▶ **Task prompt**: In the listing below, locate the line with "shmi - 2024-08-05T20:58:45" and the line with "Property photo of", then output both and everything between them exactly, minus any pictures.

▶ **Given data**:
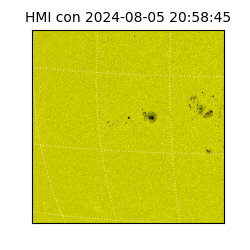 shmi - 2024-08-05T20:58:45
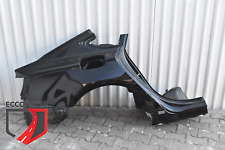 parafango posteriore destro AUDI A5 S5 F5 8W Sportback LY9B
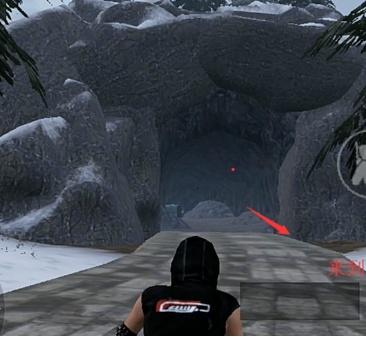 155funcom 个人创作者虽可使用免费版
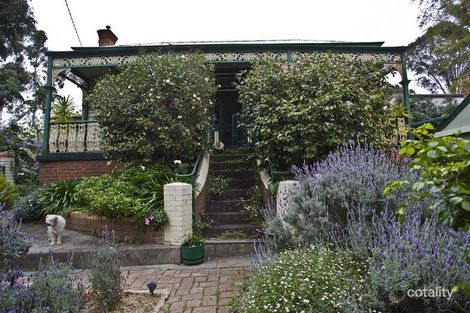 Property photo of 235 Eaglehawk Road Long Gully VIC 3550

--

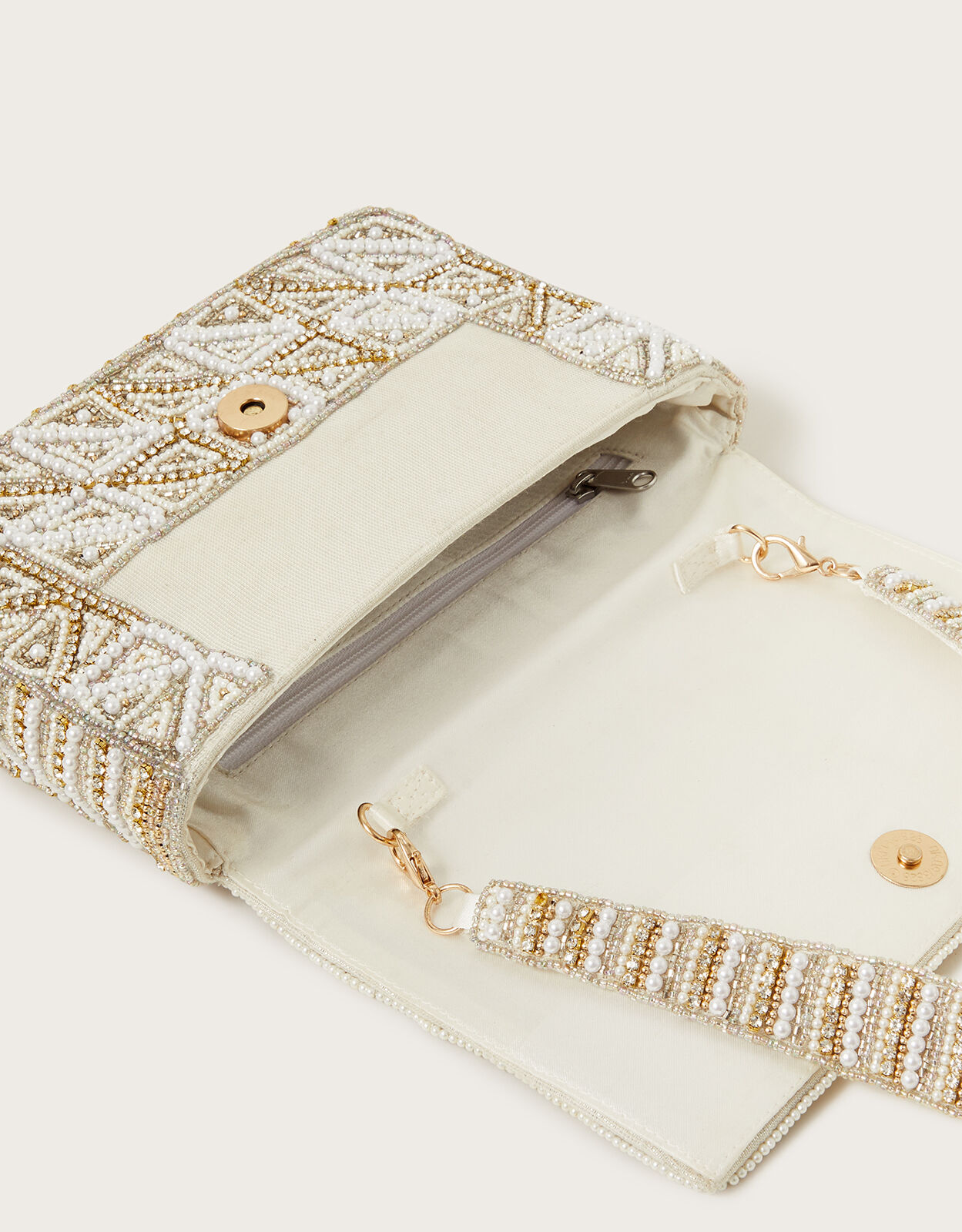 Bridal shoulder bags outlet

==

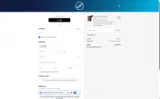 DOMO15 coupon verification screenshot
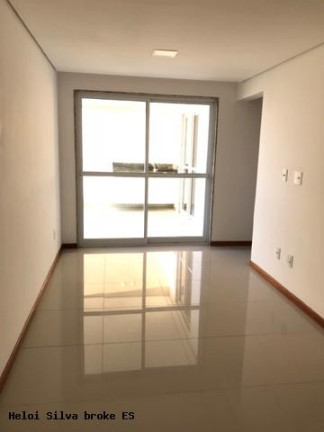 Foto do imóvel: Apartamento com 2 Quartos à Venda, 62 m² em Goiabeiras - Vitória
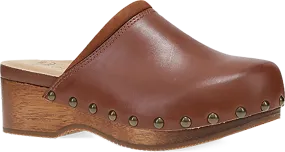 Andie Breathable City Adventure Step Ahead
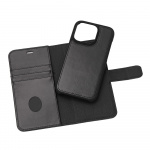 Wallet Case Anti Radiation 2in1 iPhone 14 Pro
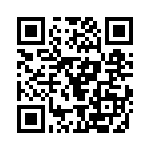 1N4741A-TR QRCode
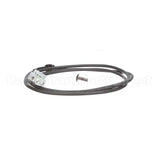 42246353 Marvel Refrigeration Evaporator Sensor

▶ **Exercise output**:
 shmi - 2024-08-05T20:58:45
 parafango posteriore destro AUDI A5 S5 F5 8W Sportback LY9B
 155funcom 个人创作者虽可使用免费版
 Property photo of 235 Eaglehawk Road Long Gully VIC 3550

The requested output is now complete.